Pemandangan yang saya lihat mengingatkan saya dengan apa yang saya lihat di
film-film Hollywood, hanya saja kali ini saya melihatnya langsung! Toko-toko,
restaurant, dan juga dealer mobil yang kami lewati semuanya mirip seperti yang
saya lihat di film!
Suasana tengah kota Perth di malam hari.
Terkadang mobil kami meliwati perlintasan kereta api.
Walaupun di tahun 1990an minat saya di dunia kereta api lagi surut, saya tetap
penasaran seperti apa kereta api di kota Perth. Saya ingat waktu itu kita
melintasi satu perlintasan berpalang pintu dengan kabel diatas rel.
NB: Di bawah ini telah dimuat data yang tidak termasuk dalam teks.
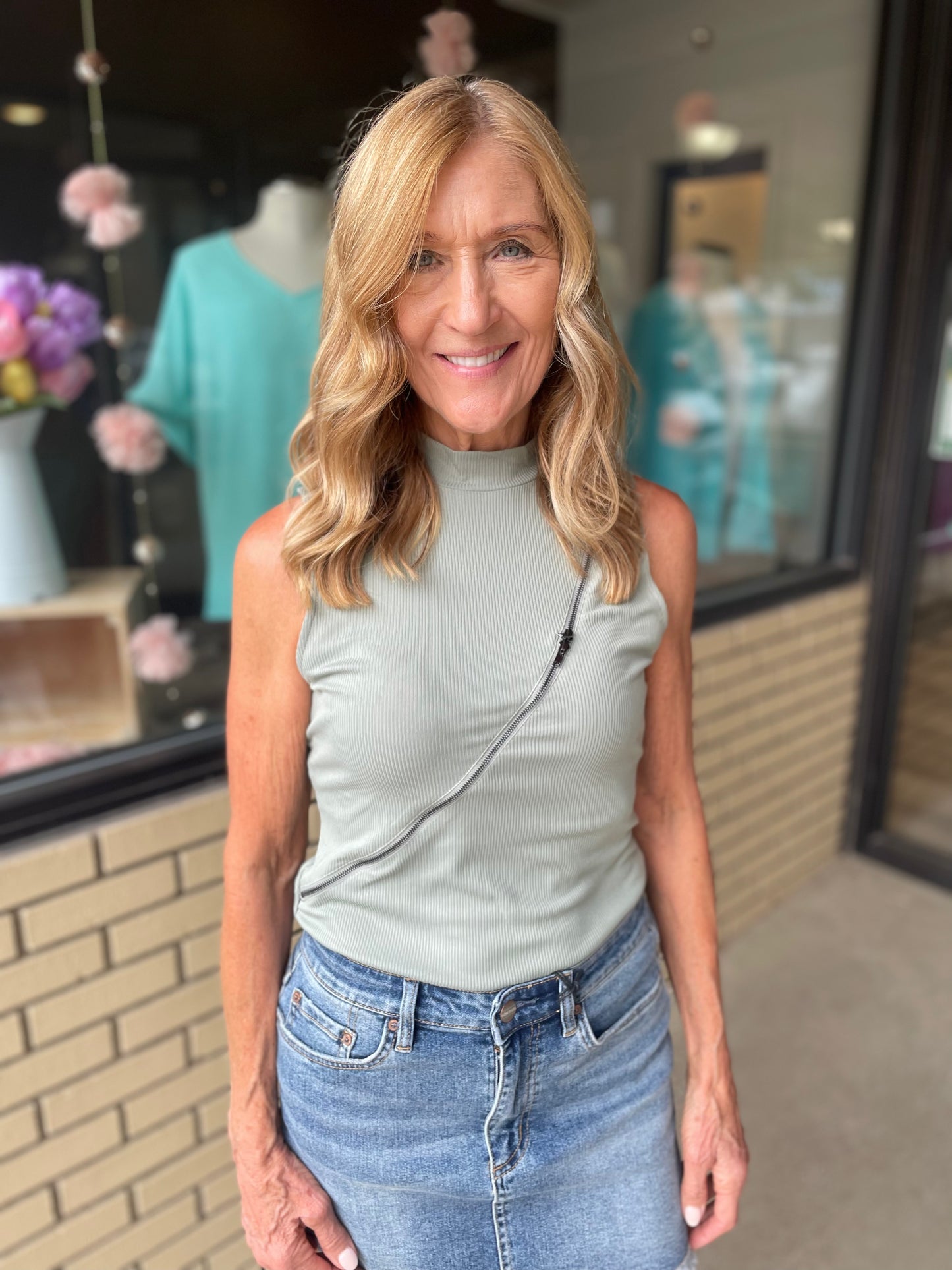 Andie Zip Detail Tank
Beberapa
waktu kemudian saya sadar kalau jalur ini bagian dari layanan KA komuter di
Perth, yaitu jalur Armadale.
Begitu kita mendekati pusat kota di jalan bebas hambatan
(bukan jalan tol karena masuknya gratis nggak bayar), rumah-rumah dan pertokoan
kecil berganti menjadi daerah perkantoran. Di Perth juga ada gedung-gedung
tinggi, walaupun tidak semegah seperti yang saya lihat di Singapore. Menurut saya,
kota Perth itu sangat modern, tapi malam itu benar-benar kosong melompong.
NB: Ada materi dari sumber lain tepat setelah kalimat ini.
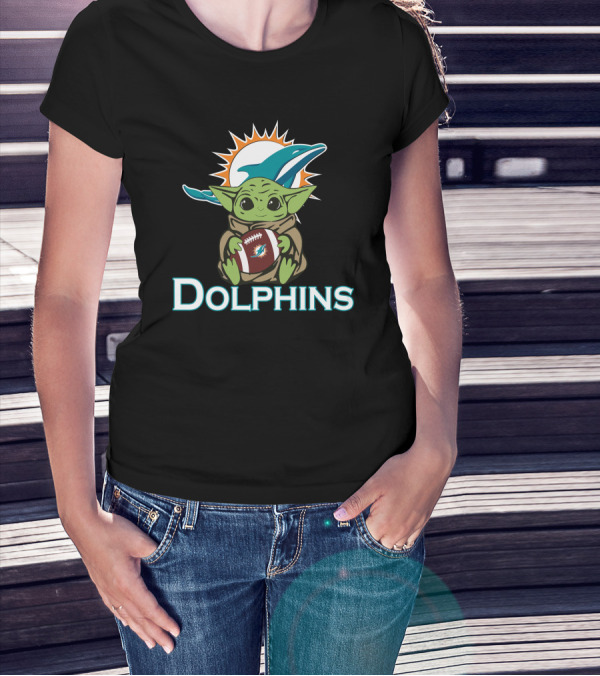 Dolphins Baby Yoda Star Wars Football Fusion T-Shirt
Sopir kita, Hans*, memperkenalkan dirinya sebagai imigran
dari Jerman yang sudah tinggal di Australia sejak 20 tahun yang lalu. Walaupun
dia sudah lama tinggal di Australia, aksen Jerman kentalnya masih kedengaran.
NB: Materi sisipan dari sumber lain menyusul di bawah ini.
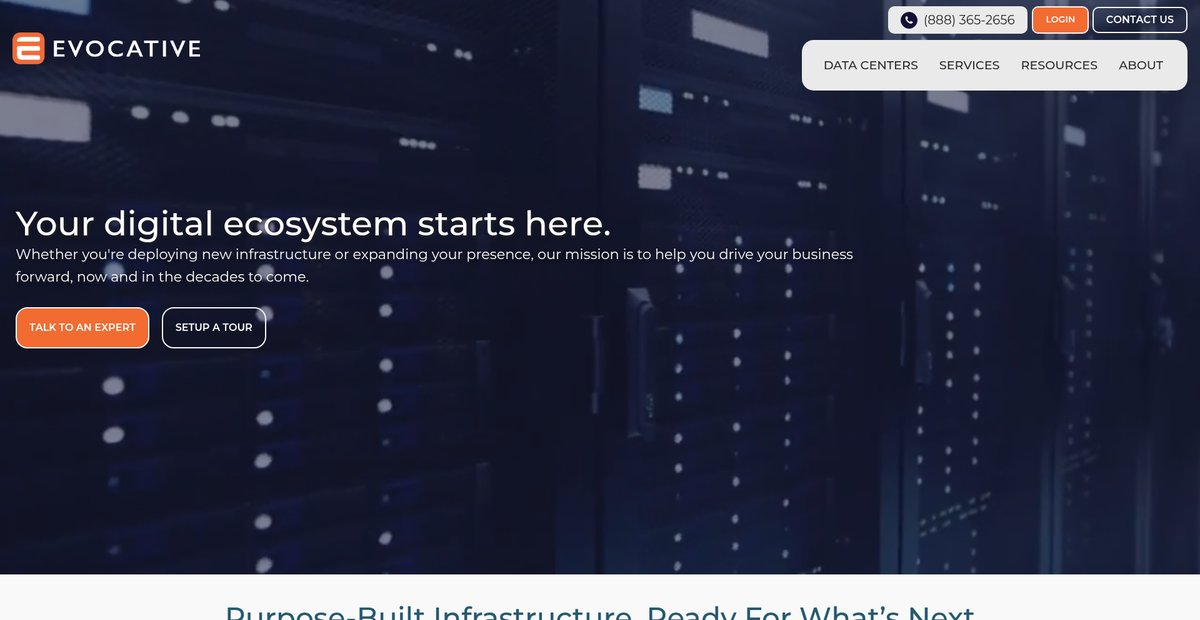 Evocative Data Centers: Premier Colocation & Bare Metal Services Screenshot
Dia dulu bekerja sebagai pelaut, dan sering berlayar ke berbagai penjuru dunia.
Tapi di Australialah dia akhinya bertemu dengan jodohnya, yang sekarang bekerja
di kampus saya. Setelah dia menikahi istrinya yang orang Australia, dia
memutuskan untuk berpindah kewarganegaraan menjadi warga Australia. Selama
beberapa tahun setelah pindah ke Australia, dia masih bekerja di industry pelayaran.
Tapi dia kemudian pensiun dan pindah kerja di daratan agar bisa dekat dengan
istri dan anak-anaknya.
Selama perjalanan, dia juga merangkap sebagai pemandu yang
menjelaskan beberapa tempat penting yang kita lewati selama perjalanan (atau
yang ada di dekat situ), seperti sungai Swan, tempat judi Burswood casino (yang
konon waktu itu sering dikunjungi pejabat korup dan orang terdekat Suharto yang
suka berjudi), kampus Bentley dari Curtin University, pusat kota, stasiun
kereta api Perth, dan tentunya kampus saya.
Burswood Casino di malam hari. Konon dulu Tommy Suharto atau kakaknya, Sigit, sering datang kesini untuk berjudi.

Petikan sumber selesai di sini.